Lo “strano” e falso fondale del cielo che si staglia dietro i due protagonisti sulla nave che li conduce all’isola rivela, infatti, più di qualsiasi spiegazione finale. Tra l’altro induceva al sospetto il fatto che tutto il film apparisse pervaso da una istanza “adesso spiego tutto a parole” che suonava male in un thriller vero, indipendentemente da chi l’avesse diretto.
Le trappole e i suggerimenti nel corso del “Shutter Island” sono talmente tanti da farne un elenco: la strana attenzione data alla sostituzione delle sigarette, la sequenza sulla scogliera, la riapparizione della donna scomparsa, la sequenza nella cripta… Insomma è un po’ come se Scorsese fosse a fianco di chi guarda il film dicendo che “Il cinema è sempre stata arte della finzione… bisogna essere pazzi per fare i film. Figurati un film sui pazzi”.

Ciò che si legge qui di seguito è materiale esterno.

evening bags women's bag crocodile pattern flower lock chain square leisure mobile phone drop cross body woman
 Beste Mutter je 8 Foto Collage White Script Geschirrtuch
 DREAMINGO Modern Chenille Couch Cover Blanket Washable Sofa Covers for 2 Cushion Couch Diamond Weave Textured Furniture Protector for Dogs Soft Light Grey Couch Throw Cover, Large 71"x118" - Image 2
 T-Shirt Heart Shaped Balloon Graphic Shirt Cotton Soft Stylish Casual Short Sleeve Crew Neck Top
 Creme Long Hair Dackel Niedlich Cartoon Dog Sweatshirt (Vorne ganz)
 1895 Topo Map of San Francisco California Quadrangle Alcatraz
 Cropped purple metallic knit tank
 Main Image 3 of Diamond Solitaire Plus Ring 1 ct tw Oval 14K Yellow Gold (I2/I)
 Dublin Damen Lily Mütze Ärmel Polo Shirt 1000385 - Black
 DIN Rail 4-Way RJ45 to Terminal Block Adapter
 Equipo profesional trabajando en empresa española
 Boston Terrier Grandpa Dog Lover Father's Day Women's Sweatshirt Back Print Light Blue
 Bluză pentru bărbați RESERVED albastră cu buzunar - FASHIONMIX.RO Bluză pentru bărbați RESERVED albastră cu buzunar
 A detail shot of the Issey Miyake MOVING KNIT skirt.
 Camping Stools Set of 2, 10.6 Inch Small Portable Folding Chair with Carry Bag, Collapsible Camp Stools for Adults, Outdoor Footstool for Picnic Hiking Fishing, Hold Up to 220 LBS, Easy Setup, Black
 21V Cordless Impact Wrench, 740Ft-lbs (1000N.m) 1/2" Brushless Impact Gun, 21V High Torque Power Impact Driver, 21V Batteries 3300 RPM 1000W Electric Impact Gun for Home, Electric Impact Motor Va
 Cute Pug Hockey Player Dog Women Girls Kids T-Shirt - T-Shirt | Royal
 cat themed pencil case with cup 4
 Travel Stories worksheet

Archiviata la falsa, e oziosa, questione del finale e del thriller mancato, “Shutter Island” rimane un film bellissimo, elegante, labirintico ed ipnotico, dominato da un Di Caprio in uno stato oltre la grazia che delinea un personaggio magnificamente ambiguo ed oscuro di cui non si sa se fidarsi o meno, soprattutto alla fine.
Scorsese, al quale si muovono da tempo accuse di “normalizzazione,” crea un film che sconta una dozzina di tributi al cinema classico e, al pari dei grandi maestri, usa lo strumentario come un grimaldello eversivo per aprirci la strada tra “scale a chiocciola” e “corridoi della paura”, verso una indagine sulla follia collettiva, sulla finzione, sulla violenza che lega le vicende umane più di quanto saremo disposti a concerdere. Scorsese racconta in “Shutter Island” la debolezza umana e la necessità della fuga dal dolore.
Stupefacente, infine, la ricostruzione degli ambienti e dei costumi, maniacale almeno quanto quella de “L’età dell’innocenza”, altro grandissimo e sottovalutato film di Scorsese.